# WHAT IS REQUIRED:
Starting at the line with "万年筆 ふでDEまんねん 2本セット" in it, reproduce each line below through the last one, exactly, and include nothing else.

# DATASET ENTRIES:

§

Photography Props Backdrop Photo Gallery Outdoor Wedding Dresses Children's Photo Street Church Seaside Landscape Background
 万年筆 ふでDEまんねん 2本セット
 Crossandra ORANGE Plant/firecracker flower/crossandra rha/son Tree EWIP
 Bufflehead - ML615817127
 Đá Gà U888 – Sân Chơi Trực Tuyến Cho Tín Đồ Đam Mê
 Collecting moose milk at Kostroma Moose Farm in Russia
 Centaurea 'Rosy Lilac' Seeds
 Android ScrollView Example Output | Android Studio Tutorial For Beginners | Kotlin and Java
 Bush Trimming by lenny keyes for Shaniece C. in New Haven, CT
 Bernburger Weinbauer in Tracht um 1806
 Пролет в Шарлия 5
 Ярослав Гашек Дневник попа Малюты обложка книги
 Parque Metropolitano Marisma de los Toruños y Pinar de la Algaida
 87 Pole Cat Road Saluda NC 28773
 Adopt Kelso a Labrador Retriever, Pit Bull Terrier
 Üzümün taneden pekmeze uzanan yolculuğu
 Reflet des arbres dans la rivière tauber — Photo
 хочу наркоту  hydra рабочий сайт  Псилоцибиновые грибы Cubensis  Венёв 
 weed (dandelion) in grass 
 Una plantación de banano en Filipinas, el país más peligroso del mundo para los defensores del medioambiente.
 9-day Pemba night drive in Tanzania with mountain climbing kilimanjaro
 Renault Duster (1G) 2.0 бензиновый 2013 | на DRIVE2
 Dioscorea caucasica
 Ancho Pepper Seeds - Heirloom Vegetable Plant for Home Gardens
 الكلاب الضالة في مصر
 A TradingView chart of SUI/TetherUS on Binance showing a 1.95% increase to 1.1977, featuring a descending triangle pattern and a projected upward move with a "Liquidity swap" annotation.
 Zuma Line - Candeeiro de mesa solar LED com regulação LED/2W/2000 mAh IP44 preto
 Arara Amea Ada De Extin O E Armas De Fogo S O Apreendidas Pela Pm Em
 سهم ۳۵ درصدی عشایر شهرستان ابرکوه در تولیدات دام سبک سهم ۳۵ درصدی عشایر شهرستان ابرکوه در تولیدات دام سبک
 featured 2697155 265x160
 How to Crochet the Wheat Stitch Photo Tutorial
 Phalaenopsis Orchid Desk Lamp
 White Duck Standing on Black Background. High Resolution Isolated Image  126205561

§

# ANSWER FOR THE TASK:
 万年筆 ふでDEまんねん 2本セット
 Crossandra ORANGE Plant/firecracker flower/crossandra rha/son Tree EWIP
 Bufflehead - ML615817127
 Đá Gà U888 – Sân Chơi Trực Tuyến Cho Tín Đồ Đam Mê
 Collecting moose milk at Kostroma Moose Farm in Russia
 Centaurea 'Rosy Lilac' Seeds
 Android ScrollView Example Output | Android Studio Tutorial For Beginners | Kotlin and Java
 Bush Trimming by lenny keyes for Shaniece C. in New Haven, CT
 Bernburger Weinbauer in Tracht um 1806
 Пролет в Шарлия 5
 Ярослав Гашек Дневник попа Малюты обложка книги
 Parque Metropolitano Marisma de los Toruños y Pinar de la Algaida
 87 Pole Cat Road Saluda NC 28773
 Adopt Kelso a Labrador Retriever, Pit Bull Terrier
 Üzümün taneden pekmeze uzanan yolculuğu
 Reflet des arbres dans la rivière tauber — Photo
 хочу наркоту  hydra рабочий сайт  Псилоцибиновые грибы Cubensis  Венёв 
 weed (dandelion) in grass 
 Una plantación de banano en Filipinas, el país más peligroso del mundo para los defensores del medioambiente.
 9-day Pemba night drive in Tanzania with mountain climbing kilimanjaro
 Renault Duster (1G) 2.0 бензиновый 2013 | на DRIVE2
 Dioscorea caucasica
 Ancho Pepper Seeds - Heirloom Vegetable Plant for Home Gardens
 الكلاب الضالة في مصر
 A TradingView chart of SUI/TetherUS on Binance showing a 1.95% increase to 1.1977, featuring a descending triangle pattern and a projected upward move with a "Liquidity swap" annotation.
 Zuma Line - Candeeiro de mesa solar LED com regulação LED/2W/2000 mAh IP44 preto
 Arara Amea Ada De Extin O E Armas De Fogo S O Apreendidas Pela Pm Em
 سهم ۳۵ درصدی عشایر شهرستان ابرکوه در تولیدات دام سبک سهم ۳۵ درصدی عشایر شهرستان ابرکوه در تولیدات دام سبک
 featured 2697155 265x160
 How to Crochet the Wheat Stitch Photo Tutorial
 Phalaenopsis Orchid Desk Lamp
 White Duck Standing on Black Background. High Resolution Isolated Image  126205561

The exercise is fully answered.